#### [Exercise brief]
Transcribe the full listing so that each line reads as it does in the original.

#### [Task inputs]

※ ※ ※

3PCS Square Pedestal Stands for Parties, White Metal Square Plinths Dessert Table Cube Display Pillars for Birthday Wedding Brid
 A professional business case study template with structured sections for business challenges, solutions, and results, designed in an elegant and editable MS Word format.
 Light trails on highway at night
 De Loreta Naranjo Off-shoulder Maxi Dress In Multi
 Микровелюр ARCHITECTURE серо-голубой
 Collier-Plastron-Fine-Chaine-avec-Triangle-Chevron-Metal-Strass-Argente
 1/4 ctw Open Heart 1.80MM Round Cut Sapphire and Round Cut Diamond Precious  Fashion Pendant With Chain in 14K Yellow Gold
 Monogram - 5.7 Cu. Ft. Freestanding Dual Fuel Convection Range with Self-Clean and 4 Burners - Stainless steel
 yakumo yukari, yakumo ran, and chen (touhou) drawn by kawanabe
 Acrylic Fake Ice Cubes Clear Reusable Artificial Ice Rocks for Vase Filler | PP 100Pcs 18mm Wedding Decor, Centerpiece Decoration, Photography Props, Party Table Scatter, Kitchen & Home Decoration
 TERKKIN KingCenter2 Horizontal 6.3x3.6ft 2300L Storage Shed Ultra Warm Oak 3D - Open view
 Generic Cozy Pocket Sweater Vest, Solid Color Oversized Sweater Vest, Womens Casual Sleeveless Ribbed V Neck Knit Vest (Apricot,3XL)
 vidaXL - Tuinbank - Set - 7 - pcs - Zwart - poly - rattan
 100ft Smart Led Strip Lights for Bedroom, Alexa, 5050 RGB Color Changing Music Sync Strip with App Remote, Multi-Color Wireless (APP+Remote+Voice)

※ ※ ※

#### [Response]
3PCS Square Pedestal Stands for Parties, White Metal Square Plinths Dessert Table Cube Display Pillars for Birthday Wedding Brid
 A professional business case study template with structured sections for business challenges, solutions, and results, designed in an elegant and editable MS Word format.
 Light trails on highway at night
 De Loreta Naranjo Off-shoulder Maxi Dress In Multi
 Микровелюр ARCHITECTURE серо-голубой
 Collier-Plastron-Fine-Chaine-avec-Triangle-Chevron-Metal-Strass-Argente
 1/4 ctw Open Heart 1.80MM Round Cut Sapphire and Round Cut Diamond Precious  Fashion Pendant With Chain in 14K Yellow Gold
 Monogram - 5.7 Cu. Ft. Freestanding Dual Fuel Convection Range with Self-Clean and 4 Burners - Stainless steel
 yakumo yukari, yakumo ran, and chen (touhou) drawn by kawanabe
 Acrylic Fake Ice Cubes Clear Reusable Artificial Ice Rocks for Vase Filler | PP 100Pcs 18mm Wedding Decor, Centerpiece Decoration, Photography Props, Party Table Scatter, Kitchen & Home Decoration
 TERKKIN KingCenter2 Horizontal 6.3x3.6ft 2300L Storage Shed Ultra Warm Oak 3D - Open view
 Generic Cozy Pocket Sweater Vest, Solid Color Oversized Sweater Vest, Womens Casual Sleeveless Ribbed V Neck Knit Vest (Apricot,3XL)
 vidaXL - Tuinbank - Set - 7 - pcs - Zwart - poly - rattan
 100ft Smart Led Strip Lights for Bedroom, Alexa, 5050 RGB Color Changing Music Sync Strip with App Remote, Multi-Color Wireless (APP+Remote+Voice)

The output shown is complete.